Die Beklagte wird verurteilt, dem Kläger eine Rente wegen voller Erwerbsminderung auf Dauer unter Zugrundelegung eines Leistungsfalles am 08. Januar 2008 nach Maßgabe der gesetzlichen Vorschriften zu gewähren.
- 3.
Die Beklagte hat dem Kläger seine notwendigen außergerichtlichen Kosten zu erstatten.
Tatbestand
Der am G. geborene Kläger begehrt die Gewährung einer Rente wegen verminderter Erwerbsfähigkeit. Er war zuletzt als Helfer im Baugewerbe tätig.
Vom 21. Februar 2006 bis zum 14. März 2006 nahm der Kläger zuletzt an einer stationären Reha-Maßnahme teil. Am 23. Oktober 2006 stellte der Kläger erfolglos einen ersten Rentenantrag.
Am 8. Januar 2008 stellte der Kläger bei der Beklagten erneut einen Antrag auf Gewährung einer Erwerbsminderungsrente. Die Beklagte ließ den Kläger im Rentenverfahren durch ihren H. begutachten. Dieser kam zu dem Schluss, dass der Kläger noch in der Lage sei, unter gewissen qualitativen Einschränkungen einer leichten körperlichen Tätigkeit sechs Stunden und mehr am Tag nachzugehen. Daher lehnte die Beklagte den Antrag mit Bescheid vom 14. April 2008 ab. Der Kläger sei nicht erwerbsgemindert. Eine Rente wegen teilweiser Erwerbsminderung bei Berufsunfähigkeit komme für ihn nicht in Betracht, da er auf sämtliche Tätigkeiten des allgemeinen Arbeitsmarktes sozial zumutbar verweisbar sei.
Hiergegen erhob der Kläger am 25. April 2008 Widerspruch. Die Beklagte ließ den Kläger im Widerspruchsverfahren ergänzend durch Dr. I. begutachten. Dieser kam zu keiner anderen Einschätzung des verbliebenen Leistungsvermögens des Klägers, so dass die Beklagte den Widerspruch mit Widerspruchsbescheid vom 23. September 2008 zurückwies.
Am 14. Oktober 2008 hat der Kläger Klage erhoben.

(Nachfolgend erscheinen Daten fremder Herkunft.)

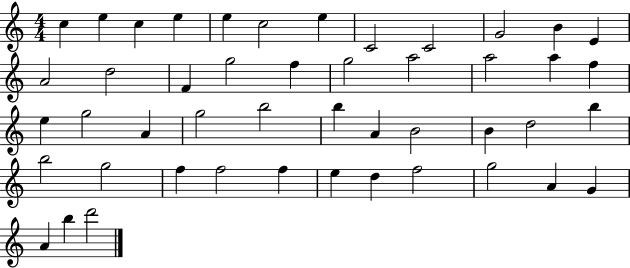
{
  \clef treble
  \numericTimeSignature
  \time 4/4
  \key c \major
  c''4 e''4 c''4 e''4 | e''4 c''2 e''4 | c'2 c'2 | g'2 b'4 e'4 | \break a'2 d''2 | f'4 g''2 f''4 | g''2 a''2 | a''2 a''4 f''4 | \break e''4 g''2 a'4 | g''2 b''2 | b''4 a'4 b'2 | b'4 d''2 b''4 | \break b''2 g''2 | f''4 f''2 f''4 | e''4 d''4 f''2 | g''2 a'4 g'4 | \break a'4 b''4 d'''2 | \bar "|."
}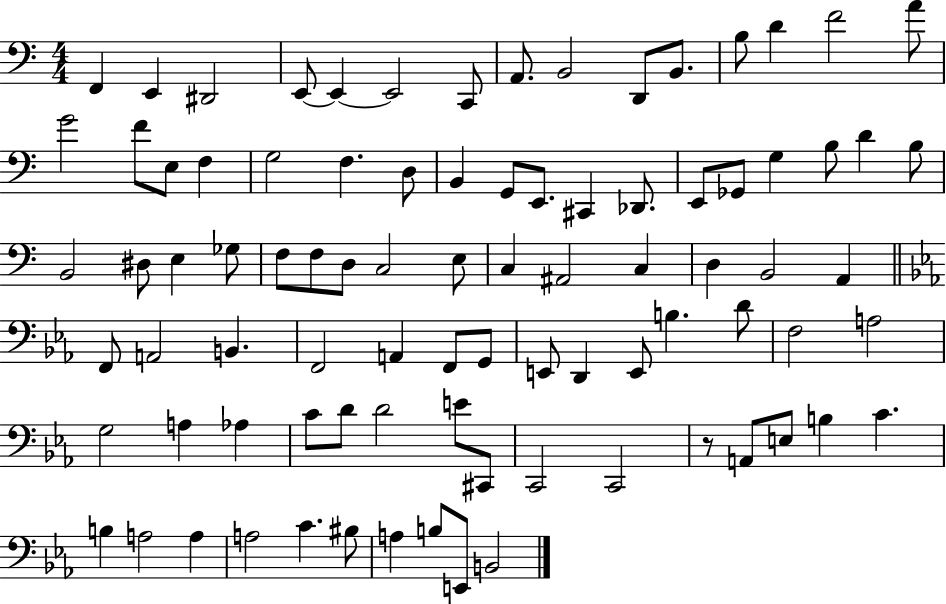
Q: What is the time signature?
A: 4/4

Er ist der Meinung, dass ihm eine Rente wegen verminderter Erwerbsfähigkeit zu gewähren sei.
Der Kläger beantragt,
- 1.
den Bescheid der Beklagten vom 14. April 2008 in Gestalt des Widerspruchsbescheides vom 23. September 2008 aufzuheben und
- 2.
die Beklagte zu verurteilen, ihm eine Rente wegen verminderter Erwerbsfähigkeit ab Antragstellung zu gewähren.
Die Beklagte beantragt,
die Klage abzuweisen.
Zur Begründung der Klageabweisung bezieht sie sich auf die Einschätzung des J ...
Die Kammer hat von dem behandelnden Arzt des Klägers Dr. K. einen Befundbericht eingeholt.

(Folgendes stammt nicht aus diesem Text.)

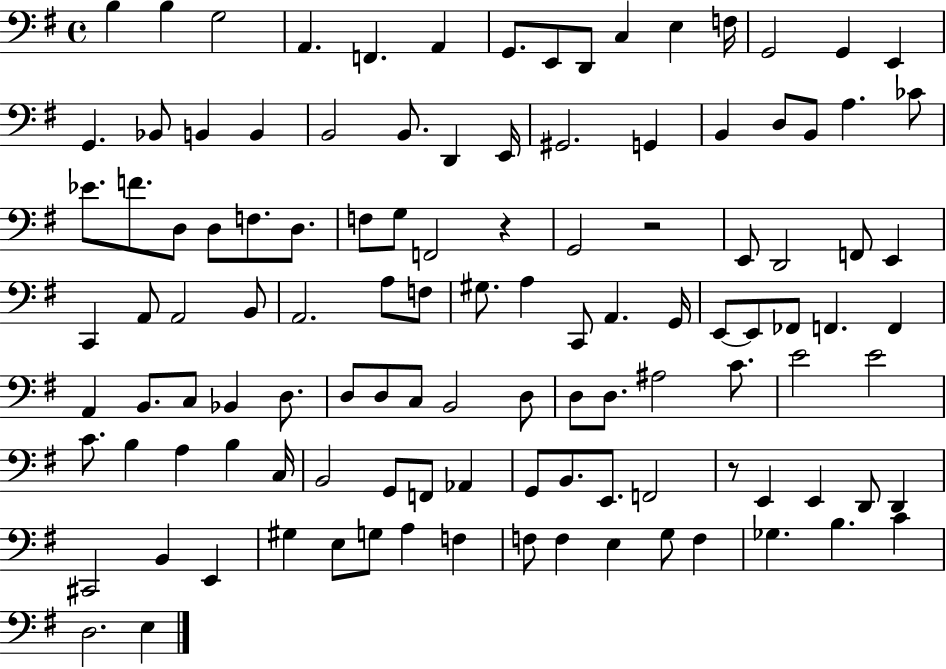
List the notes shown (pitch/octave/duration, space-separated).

B3/q B3/q G3/h A2/q. F2/q. A2/q G2/e. E2/e D2/e C3/q E3/q F3/s G2/h G2/q E2/q G2/q. Bb2/e B2/q B2/q B2/h B2/e. D2/q E2/s G#2/h. G2/q B2/q D3/e B2/e A3/q. CES4/e Eb4/e. F4/e. D3/e D3/e F3/e. D3/e. F3/e G3/e F2/h R/q G2/h R/h E2/e D2/h F2/e E2/q C2/q A2/e A2/h B2/e A2/h. A3/e F3/e G#3/e. A3/q C2/e A2/q. G2/s E2/e E2/e FES2/e F2/q. F2/q A2/q B2/e. C3/e Bb2/q D3/e. D3/e D3/e C3/e B2/h D3/e D3/e D3/e. A#3/h C4/e. E4/h E4/h C4/e. B3/q A3/q B3/q C3/s B2/h G2/e F2/e Ab2/q G2/e B2/e. E2/e. F2/h R/e E2/q E2/q D2/e D2/q C#2/h B2/q E2/q G#3/q E3/e G3/e A3/q F3/q F3/e F3/q E3/q G3/e F3/q Gb3/q. B3/q. C4/q D3/h. E3/q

Es ist Beweis durch Einholung eines Sachverständigengutachtens erhoben worden. Dr. L. hat in seinem orthopädischen Gutachten vom 29. März 2010 auf Grund der eingehenden Untersuchung des Klägers am 17. März 2010 - einschließlich der Fertigung von Röntgenaufnahmen - ausgeführt, dass der Kläger unter gewissen Einschränkungen einer leichten körperlichen Tätigkeit sechs Stunden und mehr am Tag nachgehen könne. Allerdings sollten ihm zusätzliche Pausen von einer Viertelstunde alle zwei Stunden eingeräumt werden. Die festgestellten Einschränkungen bestünden zumindest seit Rentenantragstellung. Der Sachverhalt sei medizinisch geklärt. Die Minderung der Erwerbsfähigkeit sei dauerhaft.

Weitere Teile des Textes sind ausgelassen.